We got back in the car and drove to the coffee shop to argue about what constitutes a bail.

I believe the origin of the word “bail,” as outdoorsfolk use it, most likely originated from its use in rock climbing. In the event of a storm rolling in, an accident, an injury or lack of sufficient climbing ability to finish a route, a party “bails,” and rappels to the nearest ground. Bailing usually requires leaving a few pieces of gear, at minimum, and can get expensive after that, so it is avoided as much as possible.

You don’t, for example, get partway up a route, decide you’re “just not feeling it today” and build a non-retrievable rappel anchor out of two Camalots ($60 apiece), two slings ($5 apiece) and two carabiners ($6 apiece).

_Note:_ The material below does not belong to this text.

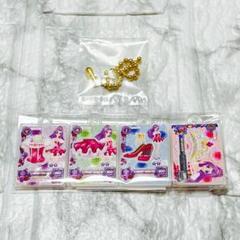レッドステージコーデ】神崎美月 アイカツ びっくらたまご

Bailing is not chickening out, or quitting because you’re lazy.

There are no hard and fast rules on the proper usage of the word “bail,” but I would submit that if you, at minimum, have left your home or tent with the required gear for your objective and you decide not to follow through with your plan, you are bailing.

I have bailed off climbing routes and peaks because of thunderstorms. I have bailed on winter summit attempts because of numb toes and avalanche danger. I once bailed on a ski day at Copper Mountain after one run because there were 300 people in front of us in the lift line. I bailed on a dayhike once because I saw two mountain lions about a mile from the trailhead, and I was by myself. Bailing, as far as the outdoors is concerned, is using good judgment to avoid certain death, irrational amounts of danger or sometimes just a shitty experience, like trying to climb while being pulled off the rock by 40 mph wind gusts or having your throat ripped out by a cougar.

I would even argue that you can bail on a jog, even if no one else accompanies you, and you tell no one your objective. If you plan to run five miles in the park and you only run three miles, you have bailed. As the tree that falls in the forest even though no one sees or hears it, you have failed to reach a goal, and should admit it instead of letting yourself off the hook so easily.

Which, of course, requires that you had an objective in the first place. If you are someone who just likes to go for a hike and get out in nature, and sets no goals, well, you can never bail. On the other hand, if you set out at the trailhead with a certain lake in mind, and you turn around and walk back to your car without reaching the lake because you’re tired or your boyfriend is whining about blisters or you have a hangover, then you have bailed. Don’t hide behind “It doesn’t matter; it was just nice to get outside in the fresh air.” That’s correct, it is — but you didn’t follow through, and you should own up to it. If you contracted to paint someone’s house and you got three-quarters done and said, “Well the point wasn’t to paint the whole house; the point was to get some new color on it,” the owner of the house would be pissed.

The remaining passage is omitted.